La chorégraphie se déploie en huit tableaux. Le premier s’ouvre sur une table verte. De part et d’autre de celle-ci, dix danseurs sont figés dans différentes postures. Ils portent des costumes distingués et des masques très caricaturaux. Lorsque la mélodie imaginée par Fritz. A. Cohen retentit, les danseurs se mettent en mouvement et nous laissent deviner un débat entre hommes politiques. La table verte s’apparente presque à une table de jeu, autour de laquelle les politiciens décident du sort du peuple. Les danseurs sont précis, leurs mouvements nets et appuyés. Les personnages quant à eux, sont traités de manière grotesque. On remarque un jeu de rythme, entre les amitiés échangées, les gestes révérencieux qui ne sont qu’hypocrisie et les scènes plus conflictuelles dans lesquelles chacun des hommes désire le pouvoir. Cinq personnages sont disposés de chaque côté de la table suggérant un véritable jeu de miroir entre les deux camps. Des répétitions marquent l’absence d’avancée dans les négociations :  à la fin de cet acte, chacun des hommes tire un coup de pistolet et la guerre est alors déclenchée.
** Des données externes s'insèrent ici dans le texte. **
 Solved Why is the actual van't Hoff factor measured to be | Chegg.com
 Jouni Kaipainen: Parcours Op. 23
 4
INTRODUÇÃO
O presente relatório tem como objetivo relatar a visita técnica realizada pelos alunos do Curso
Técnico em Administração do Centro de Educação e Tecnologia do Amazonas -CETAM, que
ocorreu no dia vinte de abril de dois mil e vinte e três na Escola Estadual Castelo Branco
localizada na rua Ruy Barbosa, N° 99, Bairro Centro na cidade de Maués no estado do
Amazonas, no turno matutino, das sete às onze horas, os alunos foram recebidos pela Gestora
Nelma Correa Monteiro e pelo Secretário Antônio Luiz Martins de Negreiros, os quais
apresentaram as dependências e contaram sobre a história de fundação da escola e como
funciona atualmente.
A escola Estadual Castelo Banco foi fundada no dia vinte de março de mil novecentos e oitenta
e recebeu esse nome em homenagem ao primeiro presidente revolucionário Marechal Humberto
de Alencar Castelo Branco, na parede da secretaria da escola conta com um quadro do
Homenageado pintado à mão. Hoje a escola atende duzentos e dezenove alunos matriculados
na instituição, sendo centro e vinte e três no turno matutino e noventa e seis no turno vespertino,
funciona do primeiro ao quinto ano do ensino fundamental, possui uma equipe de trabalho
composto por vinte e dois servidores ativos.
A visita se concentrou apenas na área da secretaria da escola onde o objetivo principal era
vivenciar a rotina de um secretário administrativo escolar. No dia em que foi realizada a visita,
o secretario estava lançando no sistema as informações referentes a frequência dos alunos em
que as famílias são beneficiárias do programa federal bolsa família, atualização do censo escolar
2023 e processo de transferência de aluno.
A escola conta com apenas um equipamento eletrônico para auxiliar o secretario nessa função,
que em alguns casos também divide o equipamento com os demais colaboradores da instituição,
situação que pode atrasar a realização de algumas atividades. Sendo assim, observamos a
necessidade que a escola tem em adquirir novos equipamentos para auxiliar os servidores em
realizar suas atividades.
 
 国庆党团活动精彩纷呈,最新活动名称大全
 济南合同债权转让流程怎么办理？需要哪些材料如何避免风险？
Les tableaux suivants mettent en scène les horreurs de la guerre, dont la mort devient la figure centrale. C’est ce spectre mortel qui donne le titre au programme dans lequel il prend la forme d’un homme à la carrure imposante, dont le visage et le corps sont enduits de peinture noire et blanche. La mort personnifiée agit sur les actions humaines et, comme une machine infernale, semble submerger les personnages les uns après les autres. Leur danse se déploie alors comme un engrenage de souffrance. Loin du schéma sarcastique de la table verte, les tableaux présentent successivement des scènes de douleur, dans une tonalité désormais dramatique : adieux déchirants, atrocité de la guerre, réfugiés, conséquences désastreuses du conflit etc. Les victimes sont multiples et subissent la perte d’êtres chers, avant d’être elles-mêmes emportées par la mort. Cette lente agonie est traduite par des danses d’inspiration macabre et médiévale.
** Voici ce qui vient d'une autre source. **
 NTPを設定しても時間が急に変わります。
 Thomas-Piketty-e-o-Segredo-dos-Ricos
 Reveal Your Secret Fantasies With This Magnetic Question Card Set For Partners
Dans le dernier tableau, nous retrouvons la table verte. La chorégraphie est identique à celle du début condamnant ainsi le cycle infernal des politiques meurtrières engagées par les dirigeants.

 

 « Puisque les lucioles continuent d’exister, il n’y a pas de solution finale. On est tout le temps dans une espèce de mouvement ».
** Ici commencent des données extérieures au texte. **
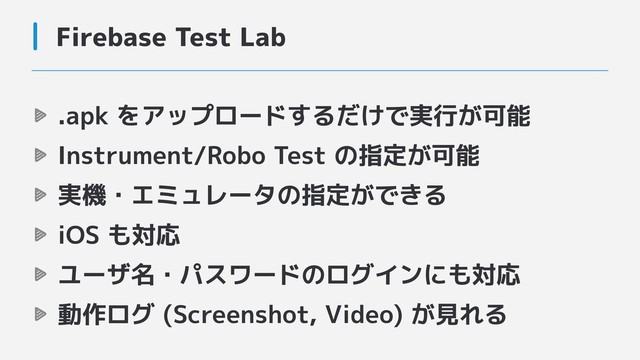 Firebase Test Lab
.apk をアップロードするだけで実行が可能
Instrument/Robo Test の指定が可能
実機・エミュレータの指定ができる
iOS も対応
ユーザ名・パスワードのログインにも対応
動作ログ (Screenshot, Video) が見れる
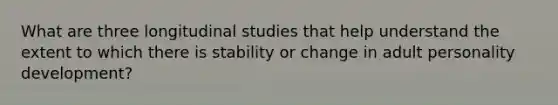 What are three longitudinal studies that help understand the extent to which there is stability or change in adult personality development?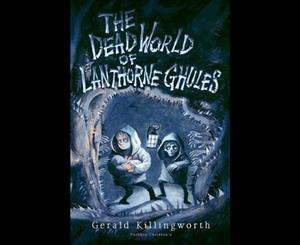 The Dead World Of Lanthorne Ghules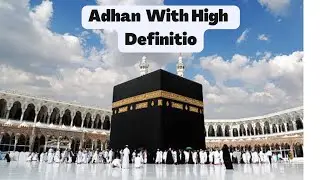 ( Azan With High Definition images )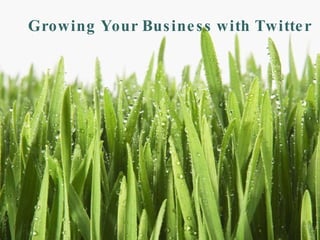 Growing Your Business with Twitter 
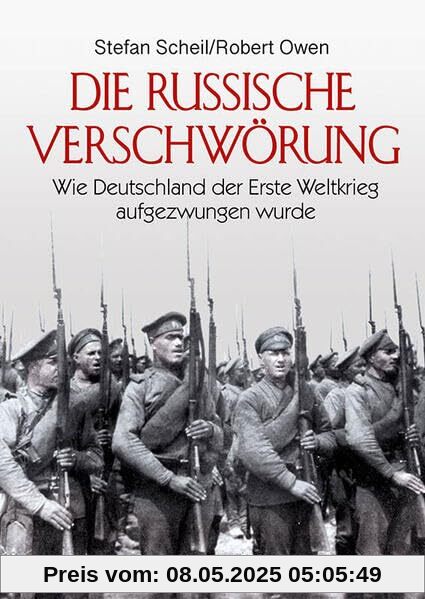 Die Russische Verschwörung: Wie Deutschland der Erste Weltkrieg aufgezwungen wurde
« Est-ce que des artistes d’un ballet européen au 21ème peuvent être cette lumière luminescente, intermittente, cette zone de résistance poétique dans ce monde de plus en plus complexe ? »  Bruno Bouché.

 

Toujours émerveillées à la sortie de l’opéra, nous échangeons longuement et faisons face à nos incompréhensions. Suite à cette discussion, nous entamons quelques recherches afin d’enrichir notre perception de la pièce : sa genèse, les choix du metteur en scène, les messages véhiculés etc. Celles-ci nous conduisent à visionner l’interview de Szenik.eu réalisée par Alain Walther, dans laquelle Bruno Bouché s’exprime sur la conception du diptyque :

Il questionne l’imaginaire des lucioles, en collaboration avec Daniel Conrod, autour du livre La survivance des lucioles de Georges Didi-Huberman. Cet imaginaire est tiré d’un article de Pierre Paulo Pasolini, « La disparation des lucioles », dans lequel il utilise cette métaphore pour parler d’une culture en perdition. Georges Didi-Huberman, d’accord avec ce constat, critique toutefois le pessimisme de Pasolini. Malgré un monde loin d’être rassurant, il cherche à savoir si les lucioles ont réellement disparues ou si nous ne les voyons plus. C’est peut-être alors cette fragilité et luminescence qui donnent à voir une forme de résistance. Le directeur de l’Opéra décide de mettre sa création, Fireflies, en parallèle avec la Table Verte, pièce qui soulève les enjeux politiques d’une société en péril. Le chaos de la guerre, qui décime les populations, fait alors écho à la métaphore de la luciole comme symbole d’une culture vouée à disparaitre. Toutefois, les deux pièces questionnent l’inéluctabilité de l’extinction de ces sociétés à travers la résurgence de figures résistantes.